▸ **Provided data**:

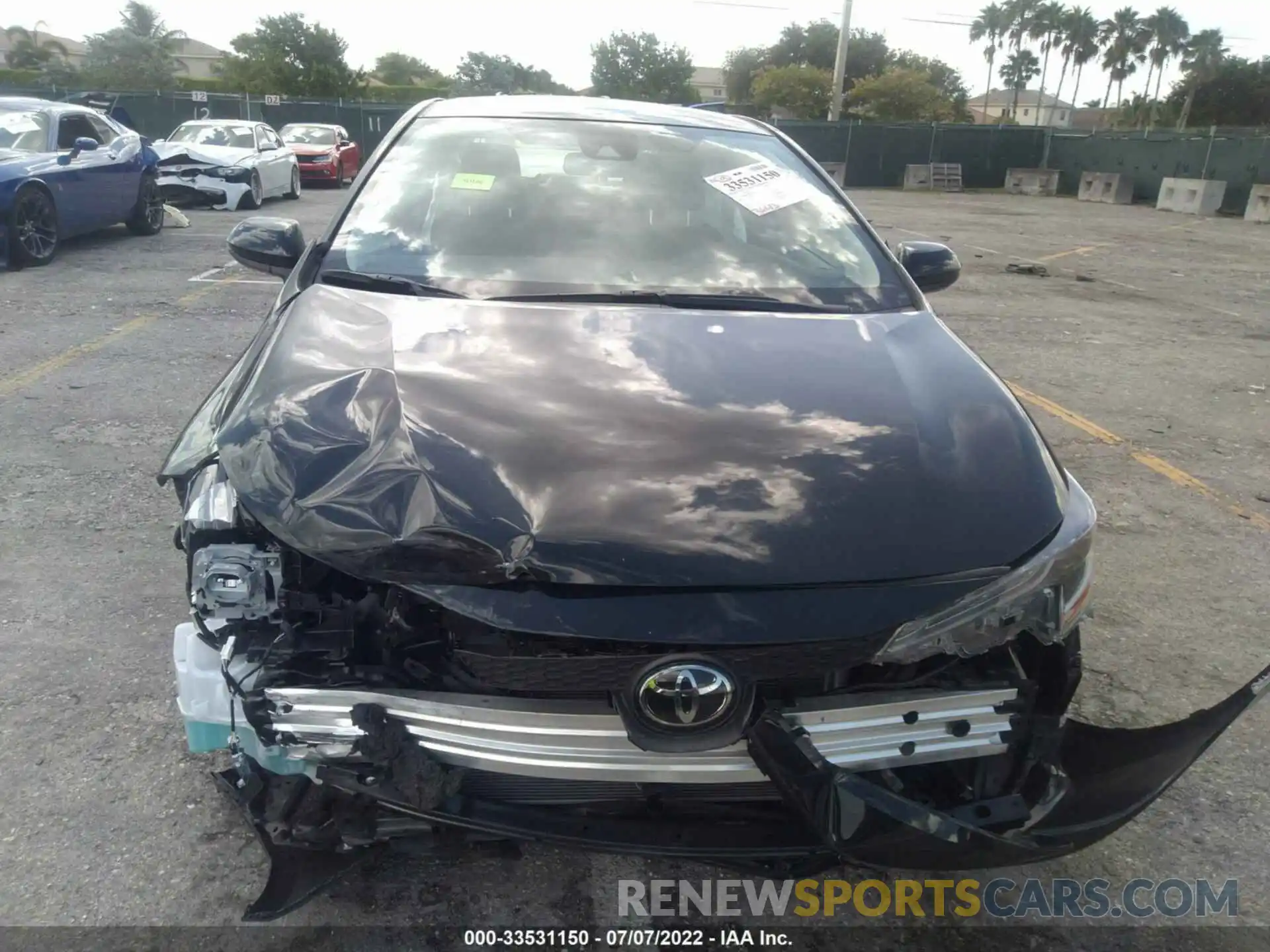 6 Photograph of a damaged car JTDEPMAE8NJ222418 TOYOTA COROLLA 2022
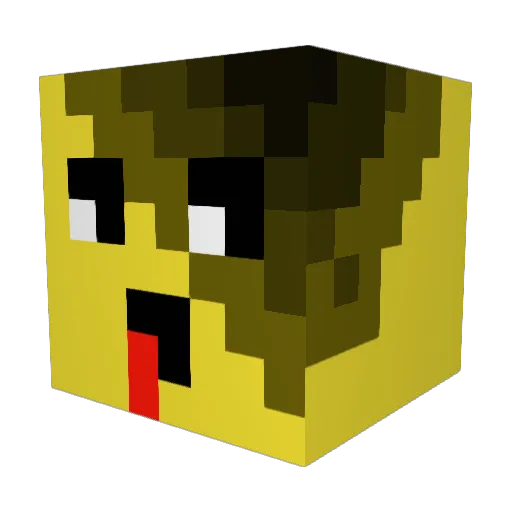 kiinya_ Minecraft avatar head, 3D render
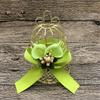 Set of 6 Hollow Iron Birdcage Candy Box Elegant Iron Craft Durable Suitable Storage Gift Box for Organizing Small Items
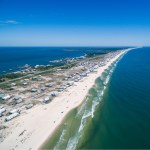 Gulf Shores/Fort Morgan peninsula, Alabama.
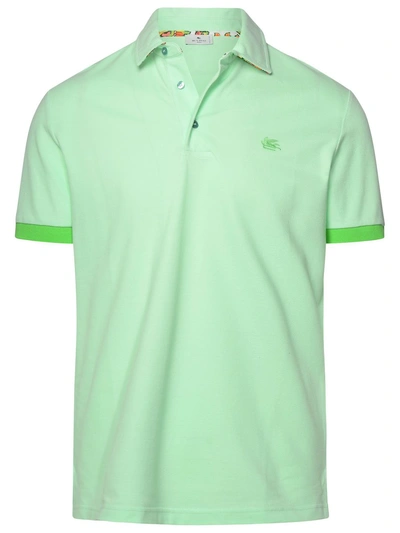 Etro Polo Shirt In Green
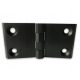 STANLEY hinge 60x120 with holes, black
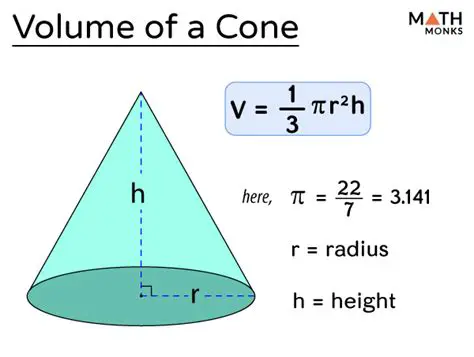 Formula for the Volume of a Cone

▸ **What you need to do**:
Could every entry be restated word for word, pictures excluded?

▸ **Answer area**:
 6 Photograph of a damaged car JTDEPMAE8NJ222418 TOYOTA COROLLA 2022
 kiinya_ Minecraft avatar head, 3D render
 Set of 6 Hollow Iron Birdcage Candy Box Elegant Iron Craft Durable Suitable Storage Gift Box for Organizing Small Items
 Gulf Shores/Fort Morgan peninsula, Alabama.
 Etro Polo Shirt In Green
 STANLEY hinge 60x120 with holes, black
 Formula for the Volume of a Cone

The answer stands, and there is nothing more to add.